= Beginning of Section =

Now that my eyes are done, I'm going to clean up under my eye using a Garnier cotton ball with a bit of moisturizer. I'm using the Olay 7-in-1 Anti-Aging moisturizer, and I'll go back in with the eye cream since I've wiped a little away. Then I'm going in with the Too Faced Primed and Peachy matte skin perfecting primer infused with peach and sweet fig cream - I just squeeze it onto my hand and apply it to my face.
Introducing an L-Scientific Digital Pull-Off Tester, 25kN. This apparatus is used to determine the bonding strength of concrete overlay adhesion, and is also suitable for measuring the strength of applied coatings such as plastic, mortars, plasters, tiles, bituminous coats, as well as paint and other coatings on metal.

= End of Section =
= Beginning of Section =

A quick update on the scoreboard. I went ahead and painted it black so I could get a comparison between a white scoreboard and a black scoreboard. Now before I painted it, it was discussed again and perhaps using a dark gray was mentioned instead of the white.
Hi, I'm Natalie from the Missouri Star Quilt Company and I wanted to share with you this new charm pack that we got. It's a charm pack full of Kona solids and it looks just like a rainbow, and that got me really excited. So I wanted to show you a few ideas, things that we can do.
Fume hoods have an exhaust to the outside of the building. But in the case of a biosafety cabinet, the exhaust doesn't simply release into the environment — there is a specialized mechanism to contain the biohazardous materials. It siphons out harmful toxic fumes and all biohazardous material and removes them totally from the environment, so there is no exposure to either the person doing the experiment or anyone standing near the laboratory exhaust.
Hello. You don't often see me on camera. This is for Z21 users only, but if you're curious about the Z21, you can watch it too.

= End of Section =

In the listing above, find the line with "Hi, I'm Natalie" and the line with "Hello. You don't", then reproduce both and every line between them exactly.

• _Result for this exercise_:
Hi, I'm Natalie from the Missouri Star Quilt Company and I wanted to share with you this new charm pack that we got. It's a charm pack full of Kona solids and it looks just like a rainbow, and that got me really excited. So I wanted to show you a few ideas, things that we can do.
Fume hoods have an exhaust to the outside of the building. But in the case of a biosafety cabinet, the exhaust doesn't simply release into the environment — there is a specialized mechanism to contain the biohazardous materials. It siphons out harmful toxic fumes and all biohazardous material and removes them totally from the environment, so there is no exposure to either the person doing the experiment or anyone standing near the laboratory exhaust.
Hello. You don't often see me on camera. This is for Z21 users only, but if you're curious about the Z21, you can watch it too.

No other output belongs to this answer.